Prime Minister Boris Johnson has pledged an extra £236 million to help get rough sleepers off the streets, in addition to £437 million already promised to tackle the rising scourge of homelessness in England.
The new funding will go towards offering Housing First style “move on” accommodation for up to 6,000 rough sleepers and those at immediate risk of rough sleeping, in a move the government hopes will help to reduce homelessness and the rising numbers of rough sleepers.
Jon Sparkes, the chief executive of the homeless charity Crisis, welcomed today’s announcement but added that the new investment must be used to built “real homes rather than paying to keep people homeless in hostels and night shelters”.
Polly Neate, the chief executive of Shelter, said people are “tipped into homelessness simply because there are not enough affordable, safe, and secure homes in this country.”
She continued: “Emergency measures to get people off the streets quickly and housing first pilots can only go so far, if you don’t have the stable homes to back them up.”
Dame Louise Casey has been asked to undertake a review into rough sleeping, in the hope of better understanding the route causes and provide advice to Government on the actions needed to permanently end the crisis.
However, she has previously rejected reports that she is willing to work with the PM on tackling homelessness and rough sleeping.
But commenting on being asked to undertake a review, Dame Louise Casey said: “I am pleased to accept this commission from the Prime Minister and the Housing Secretary.
“Homelessness, and within that rough sleeping, is something that causes misery so I hope that I will be able to help the Government and the country expedite action on this issue.”
Today’s announcement comes ahead of the publication of new annual figures on the numbers of rough sleepers, and before a visit by the Prime Minister to a homelessness charity.
Prime Minister Boris Johnson said: “It is simply unacceptable that we still have so many people sleeping on the streets, and I am absolutely determined to end rough sleeping once and for all.
“Today I’ve announced extra funding to help thousands more people get off the streets, and I have appointed Dame Louise Casey as an adviser to undertake an urgent review into the causes of rough sleeping and provide expert advice on vital next steps.
“We must tackle the scourge of rough sleeping urgently, and I will not stop until the thousands of people in this situation are helped off the streets and their lives have been rebuilt.”
Housing Secretary Rt Hon Robert Jenrick MP said: “I’m determined that we end rough sleeping in this Parliament, meeting our moral obligation to support the most vulnerable in society.
“We will be bringing together housing, addiction, mental health and the criminal justice system as never before to tackle this social ill from every angle.
“The coordinated effort that we will now pursue, beginning with this review, builds on the progress we have made in recent years, reducing the number of people sleeping on the streets.”
The news comes as figures obtained the BBC through the Freedom of Information Act found that the number of people sleeping rough of England’s sleep could be as much as five-times worse than official government statistics suggest.
The figures reveal that 28,000 people were recorded by councils as sleeping rough over the last 12 months, of which nearly 25,000 were in England.
This compares to official data from 2018 showing that 4,677 people were found sleeping rough on a given night – figures that have been used by Ministers to argue that rough sleeping in England is beginning to fall.
The damning figures bring into doubt the accuracy of official government statistics, with labour’s Shadow Secretary of State for Housing calling on the UK Statistics Authority to investigate the methods used in collecting the data.
“These figures expose the shameful scale of rough sleeping on our country’s streets”, he said.
“They also confirm that the Government’s own published statistics are seriously misleading and an unreliable undercount of the number of people sleeping rough.
“The Conservatives can’t begin to fix the problem when they won’t admit the scale of it.
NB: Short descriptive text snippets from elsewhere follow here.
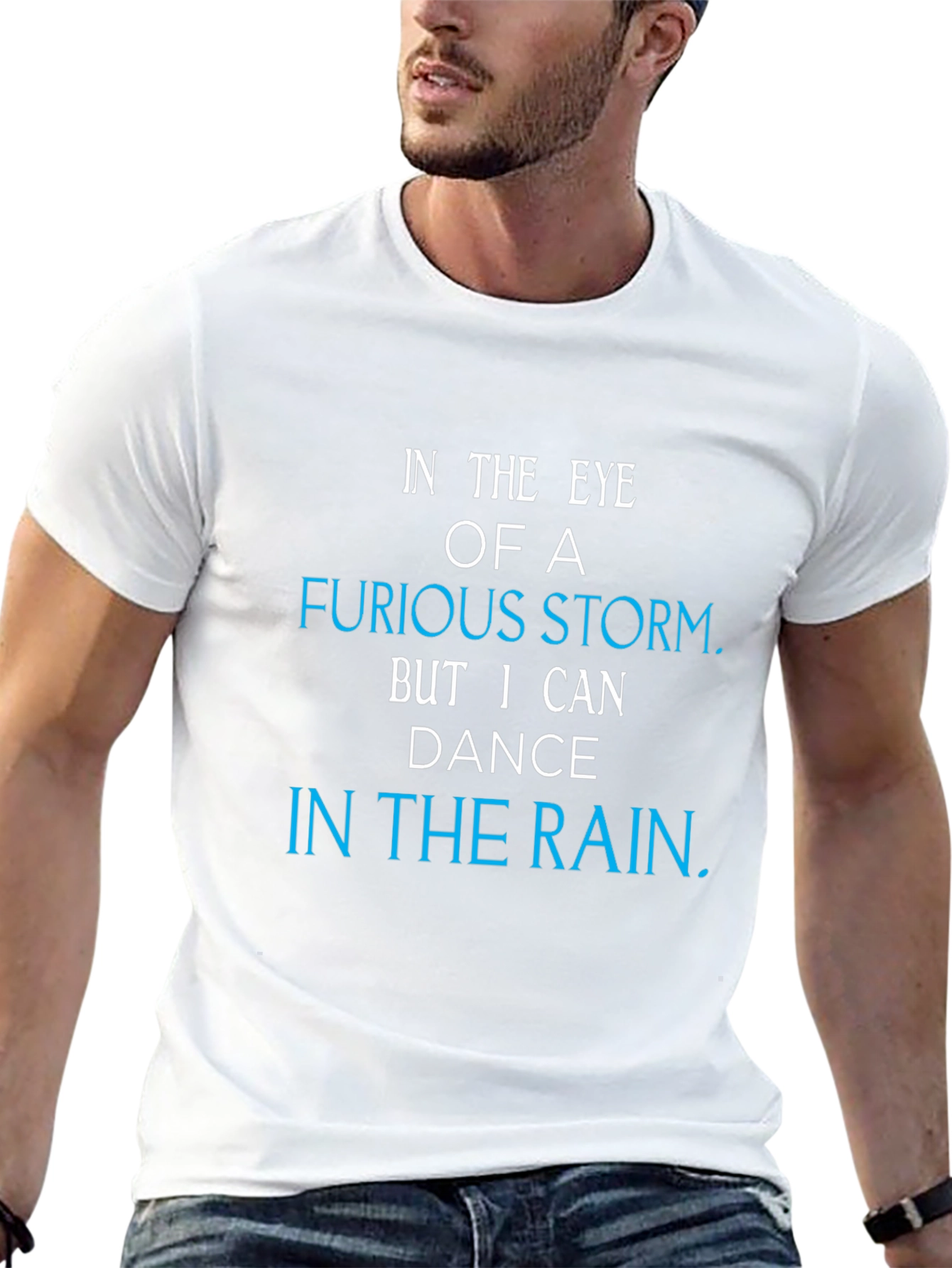 In The Eye of a Furious Storm T-Shirt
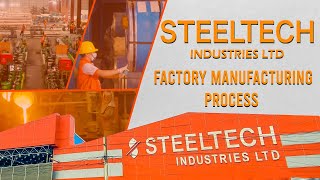 #Steeltech Factory Manufacturing Process | Stainless Steel || Its All About Stainless Style.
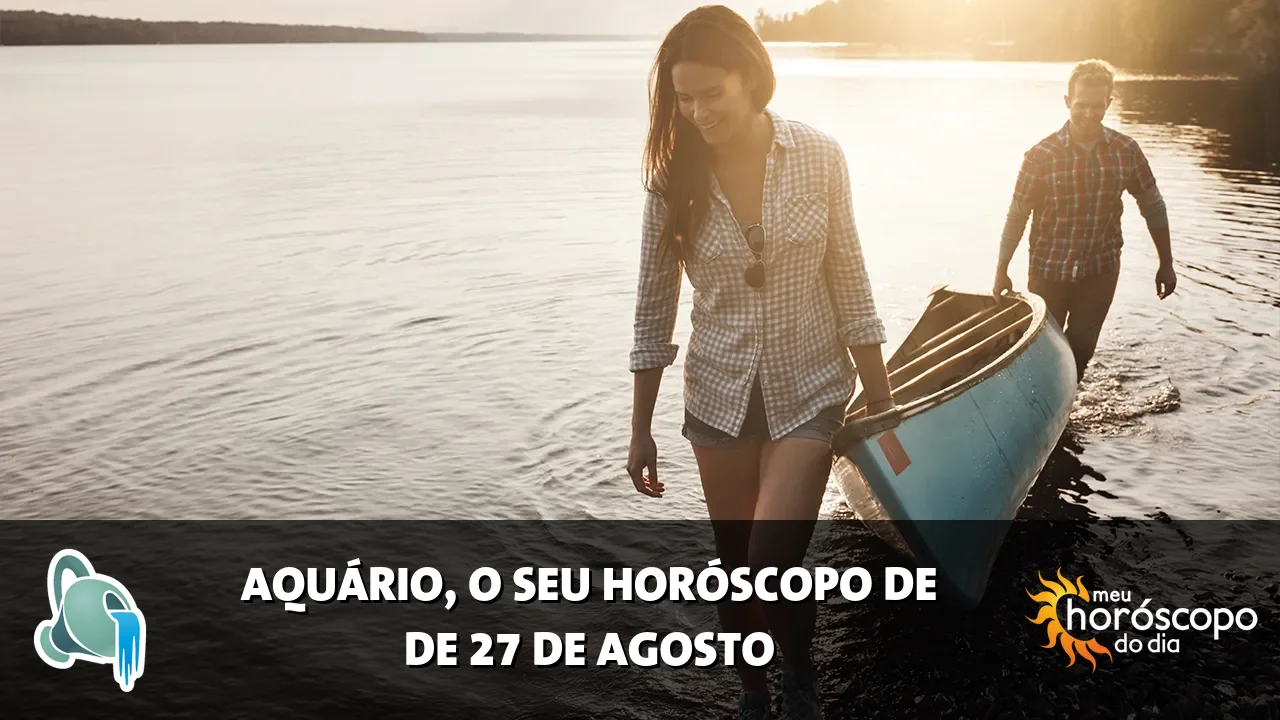 Horóscopo de Aquário de quinta-feira, 27 de agosto de 2026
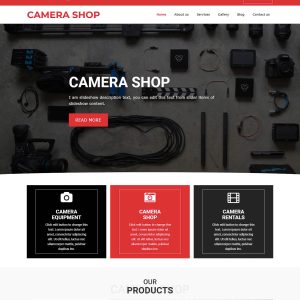 CAMERA SHOP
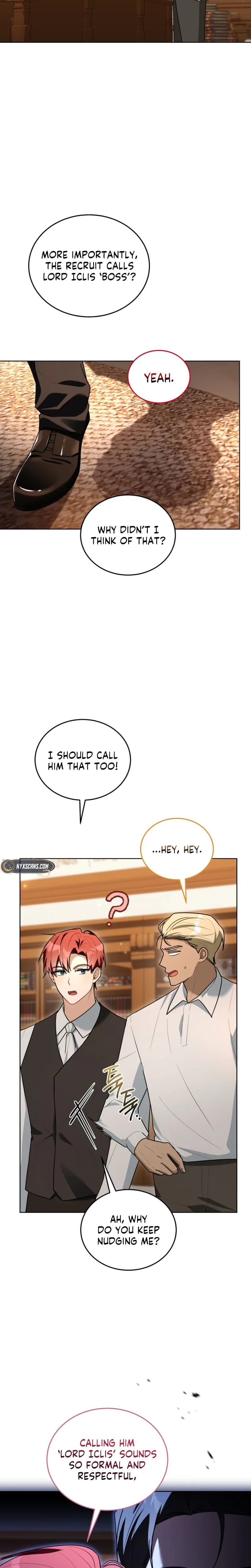 I received a request from the villain boss Chapter 7 Page 17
Ministers should replace these discredited statistics and adopt Labour’s plan to end rough sleeping for good.”
Commenting on the BBC’s investigation, which is based on figures provided by local authorities, a government spokesperson said: “We’re committed to eliminating rough sleeping by the end of the Parliament and our efforts have already led to the first nationwide fall in a decade.
“We’re confident our independently verified snapshot provides a good estimate of the numbers of people sleeping rough on a given night.
“This year we will give nearly half a billion pounds to councils and charities to support homelessness and rough sleeping services and get people off the streets for good.”